Sainsbury’s and Asda merger put in doubt over price rise fears
THE merger between Asda and Sainsbury’s has been thrown into doubt after Britain’s competition watchdog warned it would hit shoppers with higher prices.
The proposed £12billion tie-up would also reduce the quality and choice of groceries on offer to customers, the Competition and Markets Authority (CMA) warned.
Stuart McIntosh, chairman of the independent inquiry group, yesterday laid out limited options for moving forward but said it was “likely to be difficult for the companies to address the concerns it has identified”.
Rivalry
Options include blocking the deal altogether or selling off a significant number of stores and other assets – potentially including one of the Sainsbury’s or Asda brands – “to recreate the competitive rivalry lost through the merger”.
Mike Coupe, CEO of Sainsbury’s, the UK’s second biggest supermarket, branded the provisional findings “outrageous” and accused the CMA of rewriting the rules.
“A UK plc with Brexit looming and a completely unpredictable set of competition rules, who would invest in this country?

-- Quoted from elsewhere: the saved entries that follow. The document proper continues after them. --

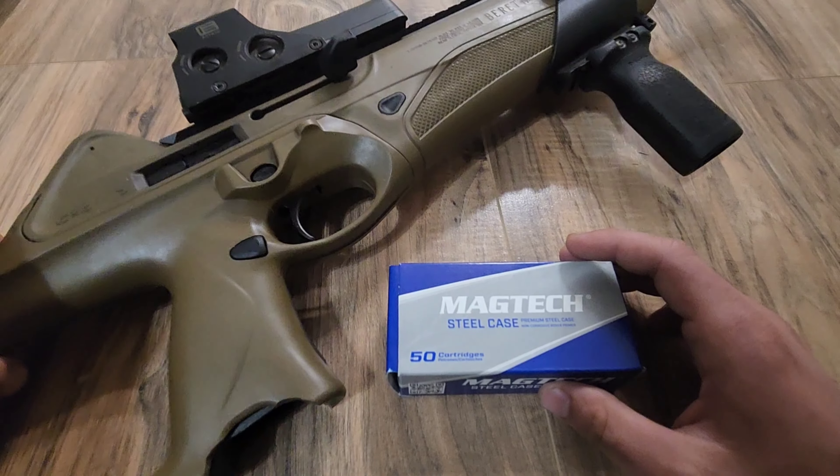Alright, so we have officially gone through 1,000 rounds of that steel case Magtech. Now it's time to take the gun apart and see just how dirty it got. Obviously you can see on the side it's quite dirty. There's some cat hair and all that, but most of all that's your fouling right there. Now taking the gun apart.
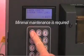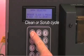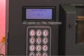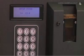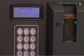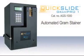Minimal maintenance is required. The Gram Pro 1's LCD screen prompts you when to run a clean or scrub cycle, all done by the machine. This only takes 3 to 5 minutes to complete. Follow the manufacturer's recommended cleaning program to keep your instrument working smoothly.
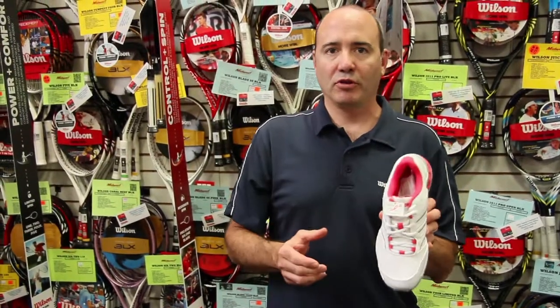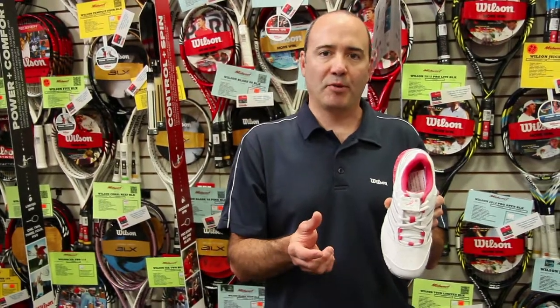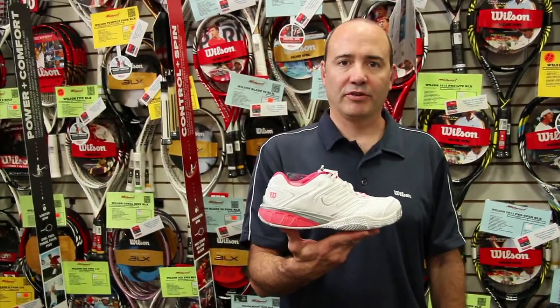The other thing they've done is created a new last in Wilson shoes this year on this particular model. You get a wider toe box — an eighth to a quarter inch wider depending on your size — giving a much truer fit to a natural foot shape. So again, this is the Wilson Construct 2012.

This is just outrageous,” he said.
In a statement, Sainsbury’s and Asda said: “These find- ings fundamentally misunderstand how people shop in the UK today and the intensity of competition in the grocery market. The CMA has moved the goalposts and its analysis is inconsistent with comparable cases.”
The supermarket giants, which announced plans to merge last April, said they would press ahead despite the CMA’s concerns.

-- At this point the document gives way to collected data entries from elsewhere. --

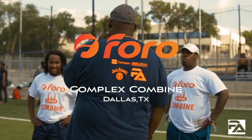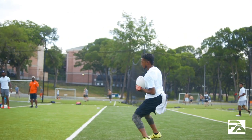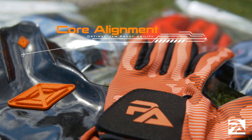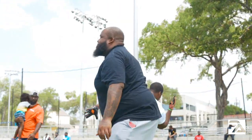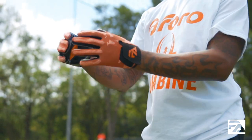Hey guys, Patrick here at the Four Row Complex Combine, introducing a new anti-shock ferrous absorbing glove. Here to illustrate how the patent-pending technology can actually reduce or eliminate altogether the vibrations and also jamming your fingers upon contact. Let's take a look.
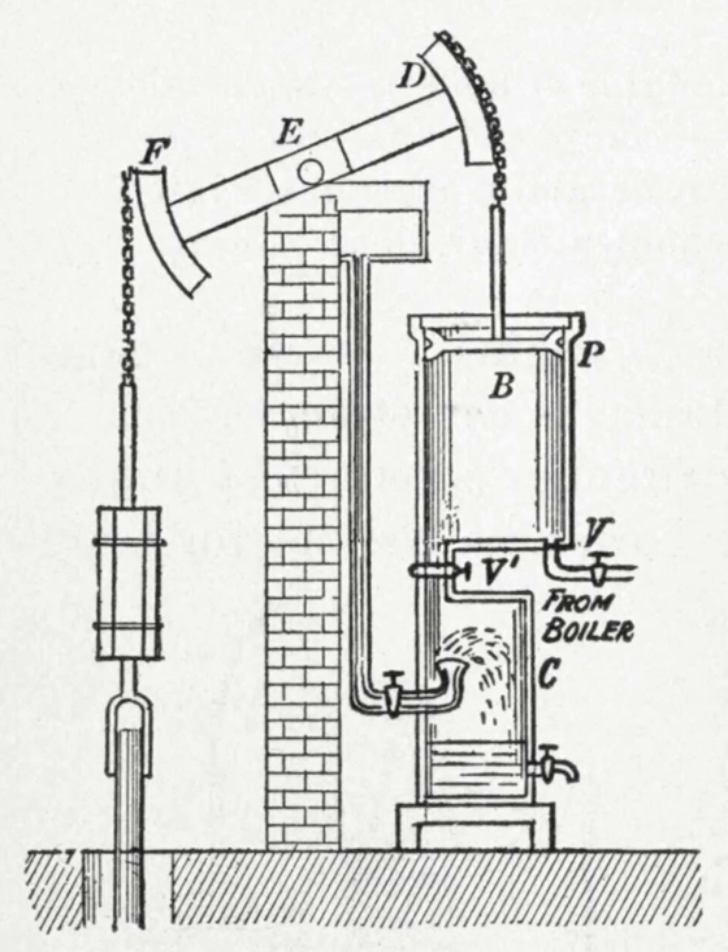A beam engine is a type of steam engine where a pivoted overhead beam is used to apply the force from a vertical piston to a vertical connecting rod. This configuration, with the engine directly driving a pump, was first used by Thomas Newcomen around 1705 to remove water from mines in Cornwall.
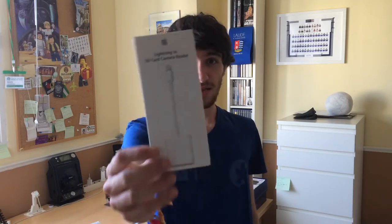Hello, new AppleTimes here and welcome to a new video. This time I'm bringing you an unboxing, and it's of this — the Apple Lightning to SD camera adapter.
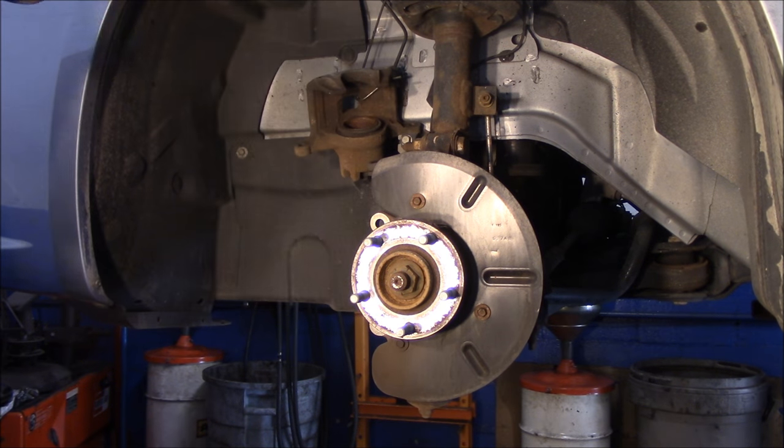That's how the OTC tool works to pull the rotors off. If you have any questions or comments, send me an email — I'll be happy to talk to anybody about anything. As always, thanks for watching. I'll put a link in the description for that OTC tool so you can take a look at it online. You don't use it a lot, but when a rotor is rusted like that, it does save you from breaking your back. Let me know what you think. Thanks for watching — see you on the next one.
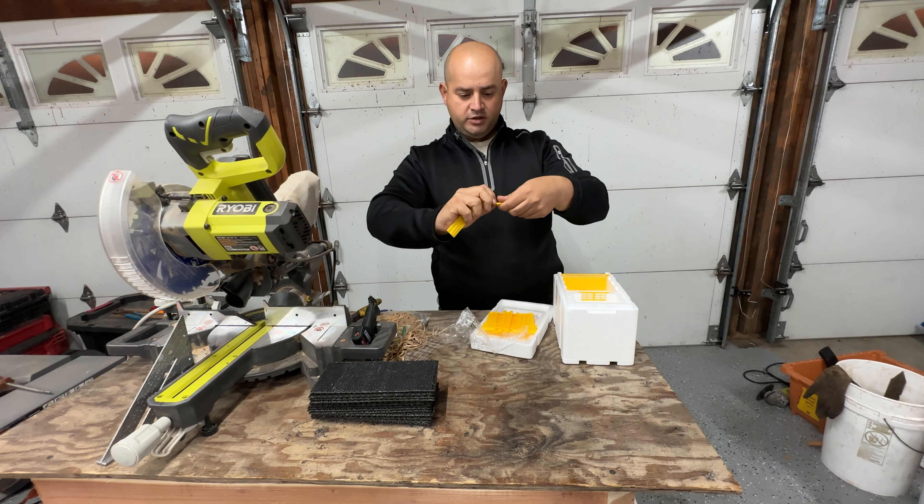I did cuts on both medium plastic foundation and regular deep foundation. I found it's better to use deep foundation because you get less waste — with a deep foundation you can get three pieces instead of two from a medium. I estimate where to cut, or if you want to be more precise, you can place your frame on the foundation and measure it that way.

The union would see the new group leapfrog Tesco to take a 30 per cent market share with more than 2,100 stores. The pair, battered by discount rivals Aldi and Lidl, pledged to negotiate big savings from suppliers to cut prices on everyday products by about 10 per cent.

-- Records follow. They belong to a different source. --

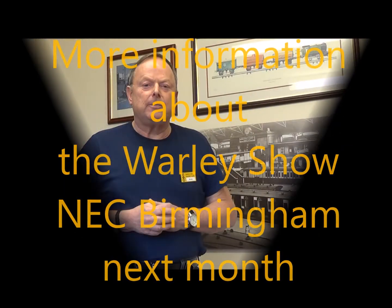Hi - you may know me from previous Warley MRC videos. My name is Paul Jones; I am currently exhibition manager of the Warley National Model Railway Exhibition at the NEC each November. I'd like to thank David Watson for featuring us on his YouTube channel, Dean Park Station, and for helping to make people aware of what we're doing for our exhibition this year. Thank you very much, David.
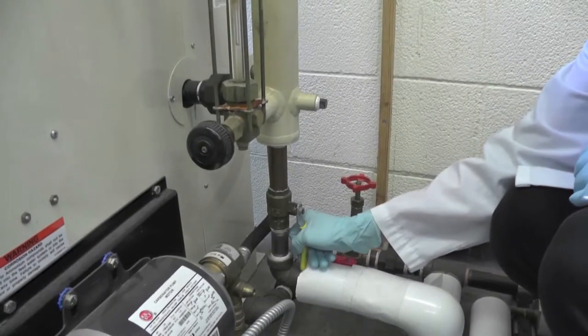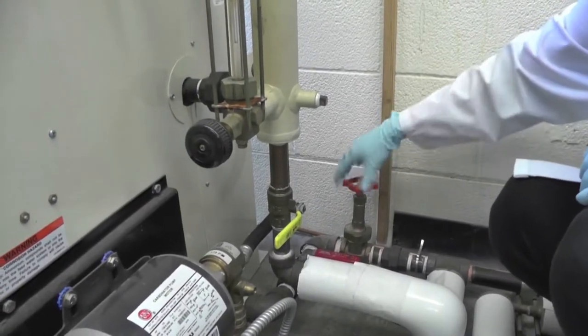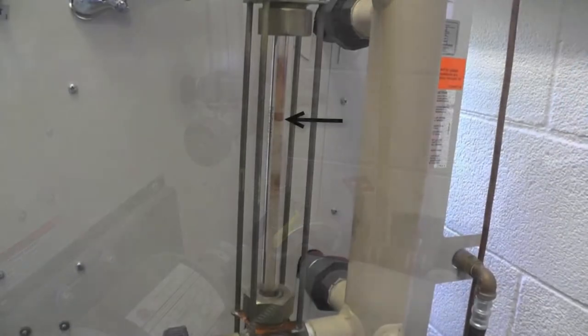After the draining stops, pull the yellow lever back up and tighten the red knob by turning it clockwise. The water level in the glass should rise back up.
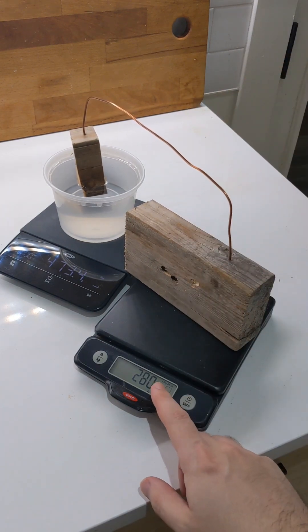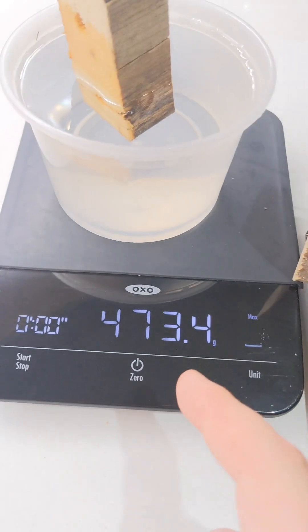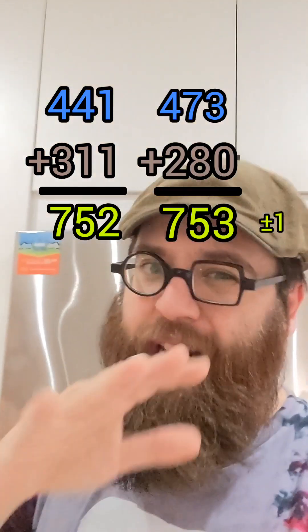It clearly shows less here and more here. The block shows about 280 grams and the water shows about 473 grams. And if you look at the total masses before and after, they're basically the same weight, give or take a gram.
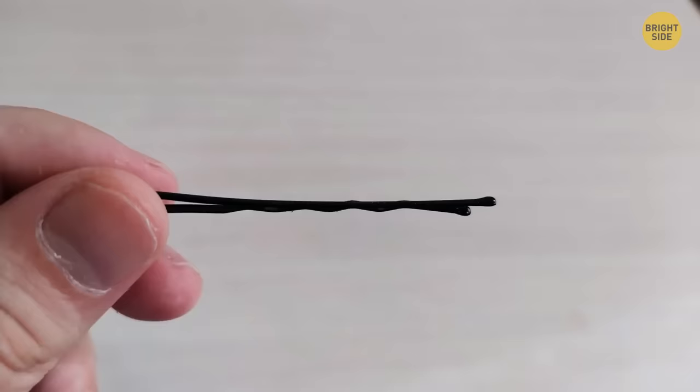This is the right way to use a hairbrush — don't use it horizontally. Hold it in a vertical position, because the bristles are lined up vertically. If you hold the brush horizontally, the bristles begin to bend. Try it yourself and feel how much more convenient the vertical position is.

However, the CMA found the pair had supermarkets close together in 629 areas and insisted a “substantial lessening of competition” would see prices rise instead.
Tim Roache, general secretary of the GMB union, warned thousands of jobs could be put at risk “in everything from stores and distribution, to head office and home shopping”.
Professor John Colley, of Warwick Business School, said: “Everyone, rich or poor, has to buy groceries, so the CMA’s final decision will affect everyone.
“It seems the only major beneficiaries of this merger would be the Sainsbury’sAsda shareholders.”
And Scott Corfe, chief economist at the Social Market Foundation, said: “Rather than allowing supermarkets to merge themselves out of trouble, by bullying suppliers such as farmers to lower prices, we should be forcing these firms to try harder.”
SAINSBURY’S has vowed to fight on to rescue its takeover of Asda after the deal was thrown into serious doubt by the competition watchdog.
A provisional verdict on the planned merger of Britain’s second and third biggest supermarkets found “extensive competition concerns” relating to higher prices and reduced quality and choice for shoppers.
The Competition and Markets Authority said it would be difficult for the companies to satisfy its concerns through the disposal of a “significant number” of stores and potentially one of the brands.
Its final report is due at the end of April, but speculation that Sainsbury’s and Asda had already thrown in the towel were dismissed as wide of the mark. Sainsbury’s shares plunged 53½p to 234½p.
The companies insisted that joining forces would create “significant cost savings”, allowing them to lower prices. Sainsbury’s chief executive Mike Coupe said the CMA had “fundamentally moved the goalposts, changed the shape of the ball and chosen a different playing field”.
They added: “We are surprised that the CMA would choose to reject the opportunity to put money directly into customers’ pockets, particularly at this time of economic uncertainty. We will be working to understand the rationale behind these findings and will continue to press our case in the coming weeks.”
It is thought a legal challenge remains a possibility.
Analysts said rejection of the deal would throw the spotlight over the future of Asda, with current US owner Walmart seen as keen to sell the business.
Shore Capital analyst Clive Black said the CMA had “destroyed the bold but seemingly naive and perhaps arrogant approach by Sainsbury’s and Asda to create a duopoly”.
The regulator had already cleared Tesco’s takeover of wholesaler Booker, which had encouraged hopes that further food retail consolidation would be allowed.
Black said: “For Asda, its parent wants rid. Hence, we assert that Asda in its present form is not tenable. Exit plans would need to be carefully considered.
“Walmart may be dusting off plan B already: a float, another retail merger/ sale, or a big private equity deal. Whatever the outcome, Asda’s present status does not appear permanent.”